(It looks like they have a swearing-safe version now at https://dangitgit.com/)
# undo the last commit, but leave the changes available
git reset HEAD~ --soft
git stash
# move to the correct branch
git checkout name-of-the-correct-branch
git stash pop
git add . # or add individual files
git commit -m "your message here";
# now your changes are on the correct branch
Or you can use a powerful GUI like SmartGit. Then you don't have to memorize anything or look up a recipe. For the situation above, you simply drag your branch markers to where you want them in the log. Done!Similarly, for situations where you would look up hashes in the reflog, just click the Recyclable Commits checkbox, and everything in the reflog shows up as ordinary commits in the same commit tree as everything else. You can even see diffs between the reflog commits and your regular commits without having to do any temporary checkouts.
I know many developers like the command line and don't want to consider using a GUI. But I encourage you to give SmartGit a try. It works in conjunction with the command line, so you you're not locked into the GUI, you can use either one whenever you want.
Git reset changes the ref HEAD is pointing at. So in this case HEAD is pointing to the branch you've accidentally committed to. Running `git reset HEAD- --soft` simply moves the branch to point to one commit previous. The soft flag tells git reset to not touch any actual files while doing this, so your changes stay untouched. This is really the most complex part. After this all that's happening is re-committing the same changes to the correct branch. The git stash is even optional if the changes don't conflict with any changes done by the checkout.
You're right, memorizing a list of commands like that is a fools errand. What's not a fools errand is understanding the underlying data structure of git and how various commands act on it. Which is all documented in the official docs by the way, using a writing style that's rather readable in my opinion. Switching to a GUI wholesale is throwing out the baby with the bathwater. Using a GUI tool still requires knowing how git works to be effective.
Of course you might still argue that it's too much typing, which is probably true. Good thing git aliases got invented so even though I can recall the entire command list you mentioned from memory I'd still in practice simply run "git uncommit" since I've had that alias defined for about forever now.
This comment isn't aimed at anyone in particular and especially not at the parent comment. The parent comment just hit my grumpy button I think ;-)
A conceptually simple way (for me) is to: checkout "good" branch, cherry-pick the "wrong" commit, then checkout the "bad" branch and remove the "wrong" commit ("git reset --hard HEAD^").
Mixing and matching simple commands mechanistically means everything can in fact be remembered.
YMMV.
Do you know of git GUIs that explicitly maintain a bijection between the GUI and the underlying command history?
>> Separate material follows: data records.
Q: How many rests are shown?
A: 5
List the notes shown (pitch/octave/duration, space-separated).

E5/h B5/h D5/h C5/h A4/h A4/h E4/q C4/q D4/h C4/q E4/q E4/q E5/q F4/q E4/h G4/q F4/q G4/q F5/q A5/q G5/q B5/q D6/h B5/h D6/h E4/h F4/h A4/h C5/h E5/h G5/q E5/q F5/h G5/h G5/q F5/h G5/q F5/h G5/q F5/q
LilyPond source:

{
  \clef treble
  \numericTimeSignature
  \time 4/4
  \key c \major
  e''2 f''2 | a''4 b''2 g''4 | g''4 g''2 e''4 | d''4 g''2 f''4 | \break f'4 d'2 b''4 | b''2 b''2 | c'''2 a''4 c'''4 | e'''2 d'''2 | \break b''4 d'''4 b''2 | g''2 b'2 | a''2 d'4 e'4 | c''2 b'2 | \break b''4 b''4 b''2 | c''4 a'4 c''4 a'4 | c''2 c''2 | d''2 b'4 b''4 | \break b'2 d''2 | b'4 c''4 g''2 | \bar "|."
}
It'd be cool to use the GUI and see the command history, or use the CLI and see updates in the GUI.
For me, I had trouble first using `git` after experience with `cvs` and `subversion`. At some point, everything clicked because I inferred its internal model.
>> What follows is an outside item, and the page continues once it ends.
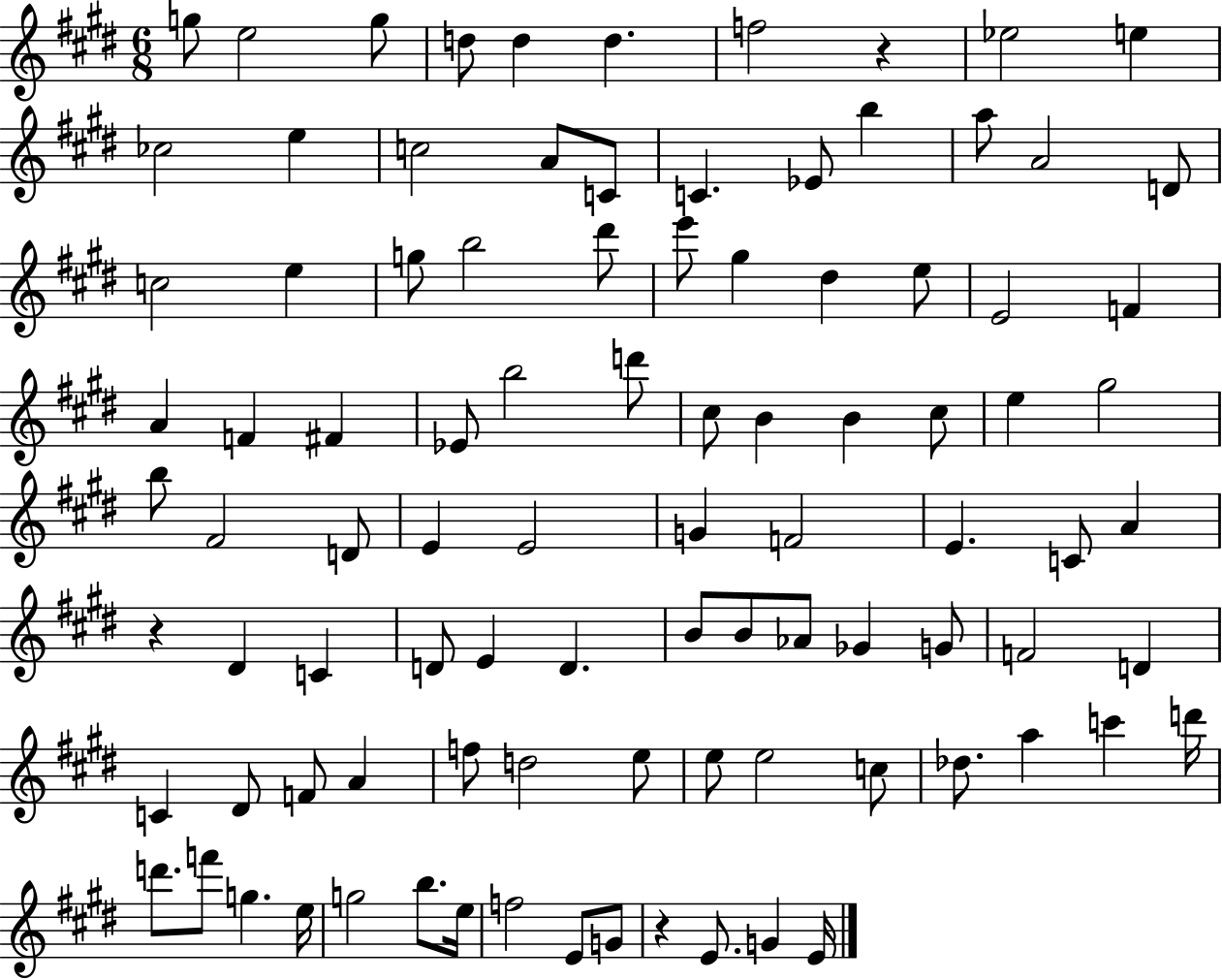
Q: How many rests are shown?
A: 3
Oh, and the fact that a ‘git checkout’ is an unrelated concept to ‘svn checkout’ - and how SVN branches are “spatial” compared to git’s “parallel-universes” model is also a source of confusion.
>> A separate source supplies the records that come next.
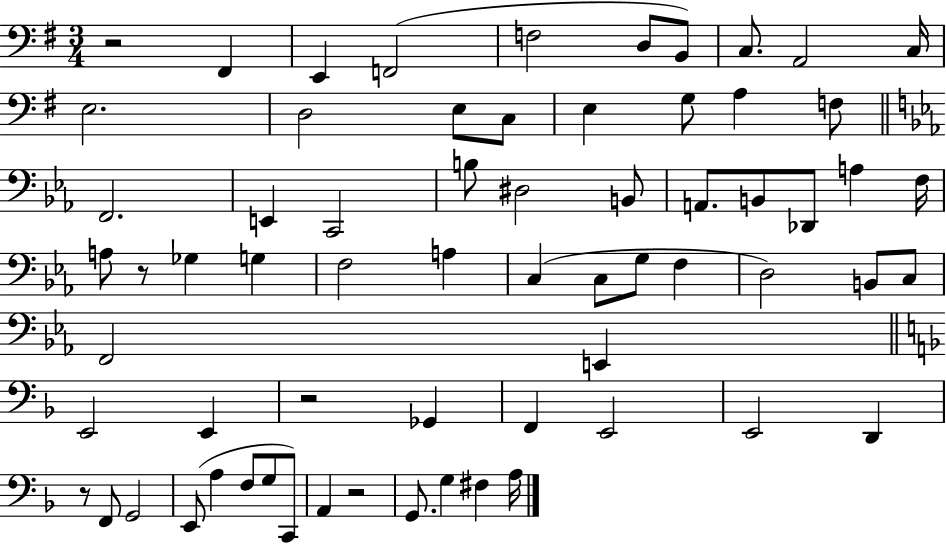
R/h F#2/q E2/q F2/h F3/h D3/e B2/e C3/e. A2/h C3/s E3/h. D3/h E3/e C3/e E3/q G3/e A3/q F3/e F2/h. E2/q C2/h B3/e D#3/h B2/e A2/e. B2/e Db2/e A3/q F3/s A3/e R/e Gb3/q G3/q F3/h A3/q C3/q C3/e G3/e F3/q D3/h B2/e C3/e F2/h E2/q E2/h E2/q R/h Gb2/q F2/q E2/h E2/h D2/q R/e F2/e G2/h E2/e A3/q F3/e G3/e C2/e A2/q R/h G2/e. G3/q F#3/q A3/s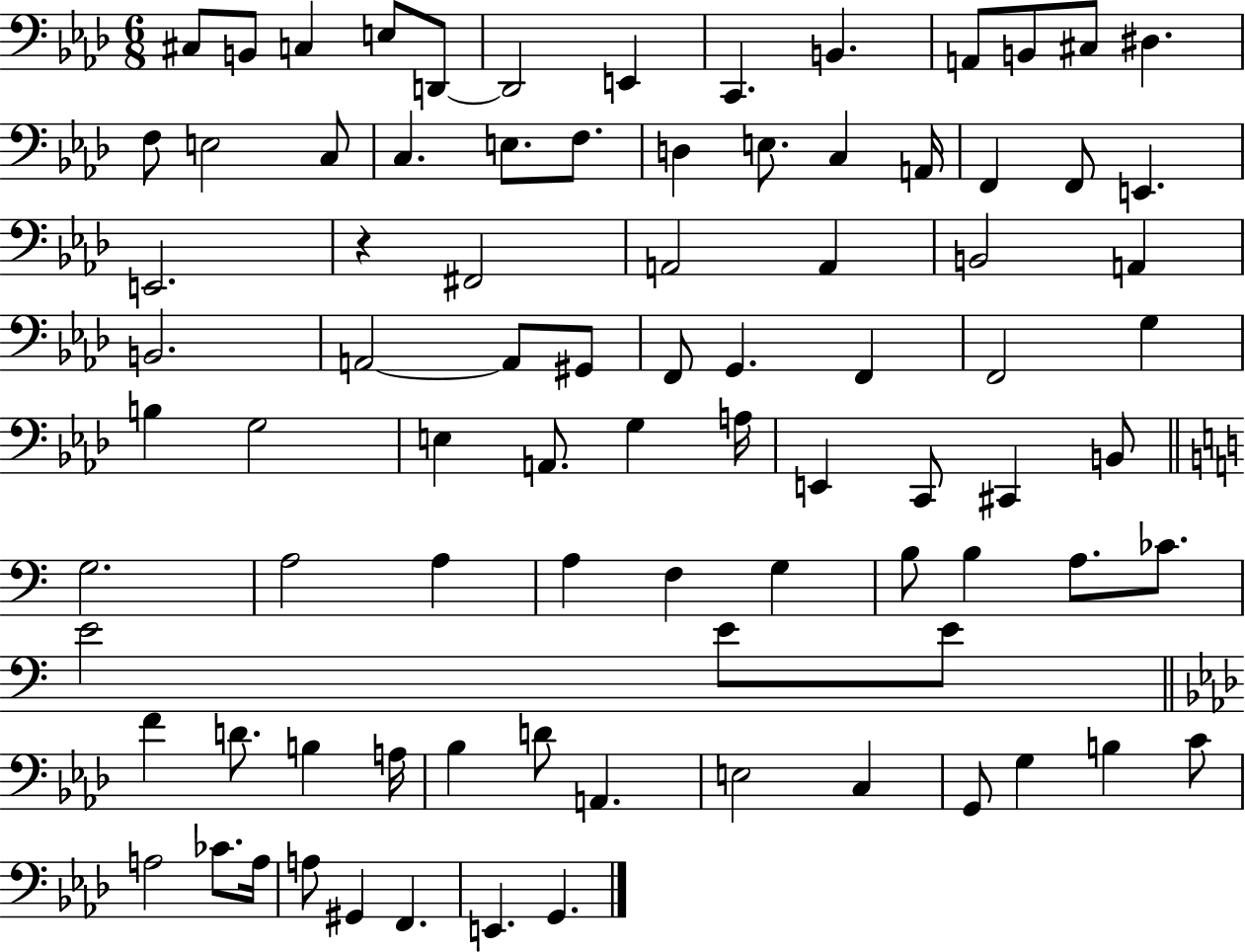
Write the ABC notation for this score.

X:1
T:Untitled
M:6/8
L:1/4
K:Ab
^C,/2 B,,/2 C, E,/2 D,,/2 D,,2 E,, C,, B,, A,,/2 B,,/2 ^C,/2 ^D, F,/2 E,2 C,/2 C, E,/2 F,/2 D, E,/2 C, A,,/4 F,, F,,/2 E,, E,,2 z ^F,,2 A,,2 A,, B,,2 A,, B,,2 A,,2 A,,/2 ^G,,/2 F,,/2 G,, F,, F,,2 G, B, G,2 E, A,,/2 G, A,/4 E,, C,,/2 ^C,, B,,/2 G,2 A,2 A, A, F, G, B,/2 B, A,/2 _C/2 E2 E/2 E/2 F D/2 B, A,/4 _B, D/2 A,, E,2 C, G,,/2 G, B, C/2 A,2 _C/2 A,/4 A,/2 ^G,, F,, E,, G,,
If I could go back in time to 2005 (in addition to getting in super early on bitcoin) I’d beg Linus to not reuse SVN terminology. Personally I’d go with “git switch” instead of checkout, and “timeline” or “line” for short instead of “branch”. The fact that git branches are not 1-connected graph routes is enough reason not to call them “branches”.
I’d also convince him to include a “gitd” mode that would automatically fetch from upstream and automatically add commits when it detects file-move/rename changes. (I understand why git doesn’t have an exact “rename” op, but tooling today still isn’t good enough to detect rename-then-edit or rename-then-split operations without an intermediate rename-only commit. My dream “gitd” would also make auto-commits every 30 seconds just to give me a powerful filesystem undo feature. If you had hours of work that resulted in new files before you staged them and you accidentally did a hard reset then you’re sol - and this has happened to me already :/
Also, if you’re in a panic because something went screwy, check “git status” and read every line carefully. status tells you a lot more than you might expect - what branch you’re on, if you’re even on a branch, what merge/rebase/commit operation you’re in the middle of (if any), and even how to go forward with or back out of the current operation.
Finally, commit regularly and often! reflog and rebase mean that you can always maintain a clean history if you want, while committing makes sure that your changes are properly tracked and saved by git so you can rewind when needed. Once you get comfortable with it, git lets you really practice fearless experimentation, which unlocked a whole new level of productivity for me.
Seconded, but I'd go even further. Run and read git status before and after running any git command until you get comfortable enough with git to where you can predict the output without running it.
Additionally you can go get git prompt[1] installed so you always know your git status at a glance. Saves a lot of typing in any case.
As a last suggestion I'd say go read git-scm.com[2]. It has the excellently written man pages for looking up what a command does and which flags it takes. It also has an amazingly written free ebook explaining git top-to-bottom. After reading that you'll be a git wizard compared to your peers.
[1] https://github.com/git/git/blob/master/contrib/completion/gi... [2] https://git-scm.com/
Unfortunately so many people put that aside and never read it, and then come back to me a few weeks later because they messed everything up again, and still do not understand what I mean with "index".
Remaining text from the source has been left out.